Jyrki Raina, the general secretary of IndustriALL Global Union, said representatives would pressure Nissan in their home countries, although he declined to say exactly what union members would do.
"In the globalized world we can't allow Nissan to treat the workers in Mississippi as second-class citizens," said Raina, accompanied by representatives from unions in Japan, France, Spain, Brazil, South Africa and the United Kingdom. "We want them to have the same rights and representation as at all plants."
IndustriALL, a global federation, says its constituent unions represent more than 150,000 Nissan and Renault employees worldwide. The UAW, an IndustriALL affiliate, is trying to organize Nissan workers and contract employees to seek union representation at the Canton plant, where more than 6,000 people work. No petition for a union election has been filed.
Nissan said again Friday that it hasn't done anything illegal and said its workers are free to unionize under American law.
"No, certainly not. We don't tolerate intimidation at our facilities," said spokesman Justin Saia. "I think we've addressed that over and over again over the last two years."
The UAW set up a local even though it lost an election to represent workers at a Volkswagen AG plant in Chattanooga, Tennessee, in February, and claims it has reached a "consensus" with VW that it will recognize the UAW there without another vote once they sign up enough workers. Volkswagen has said there is no formal agreement.

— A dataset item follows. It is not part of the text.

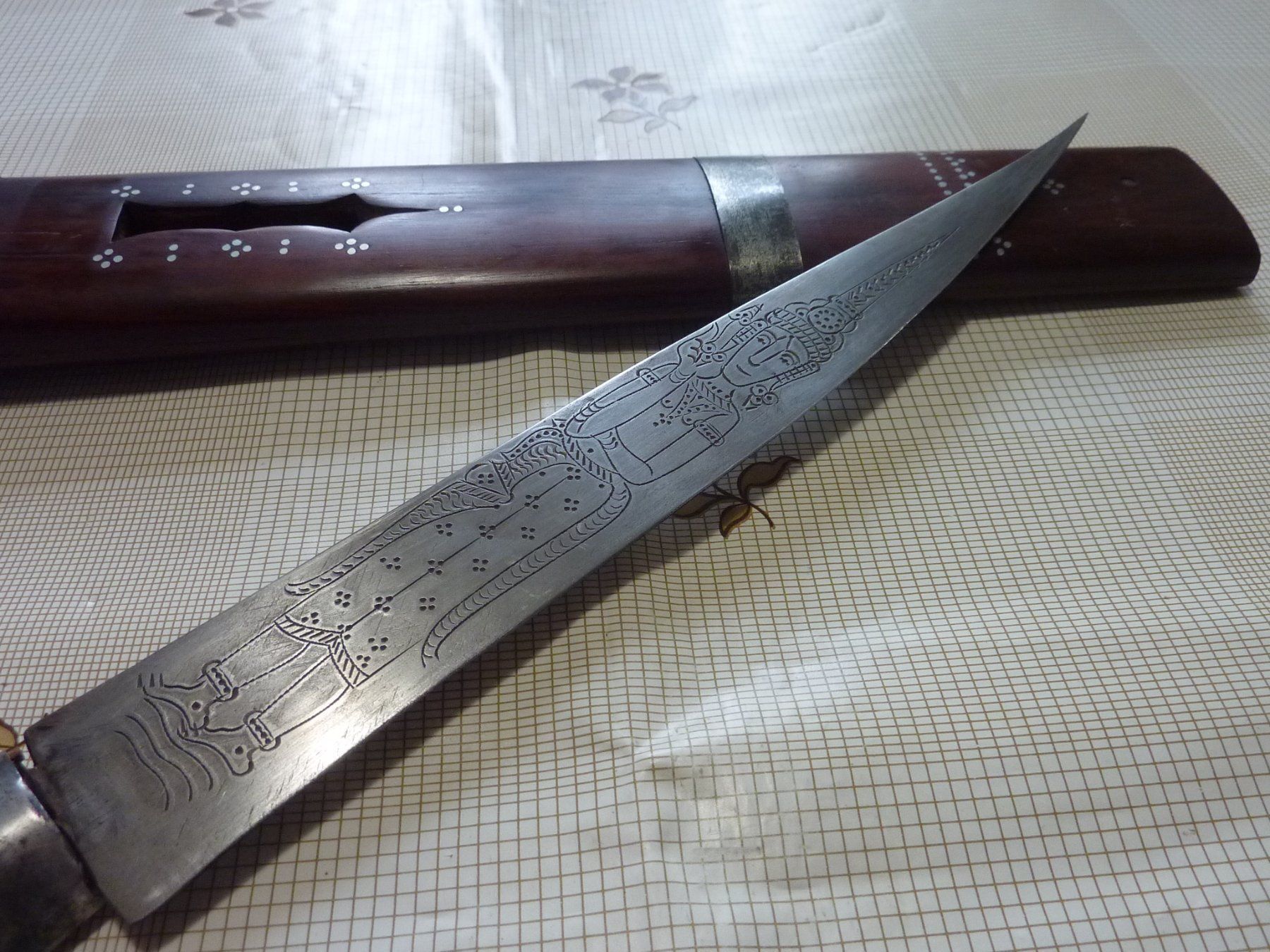 Couverts: Messer Schattenmesser Kulturmesser Traditionsmesser Asien – D'occasion à Dietikon par damaszen 1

More recently, it announced it would set up a local at Daimler AG's Mercedes-Benz plant in Tuscaloosa, Alabama.
In both cases, working in the UAW's favor are German unions whose representatives sit on their company's board. The UAW has no such advantage with Nissan, although it has repeatedly won support from unions elsewhere.
Morris Mock, a Nissan employee who's one of the most visible union supporters, said after Raina's remarks that he'd welcome a UAW local. He thinks that familiarity would help build support among Nissan workers.
"It gets rid of all the intimidation," he said.
UAW representatives said Friday they weren't authorized to speak to reporters.
The union has also focused on building support in the local community, among civil rights groups, students and performers, all in an attempt to overcome hostility to organized labor in Mississippi's business and political worlds.
They've also appealed to the Organization for Economic Co-operation and Development, asking the U.S. State Department to mediate complaints. Raina said Friday that IndustriALL still awaits a response to its OECD complaint.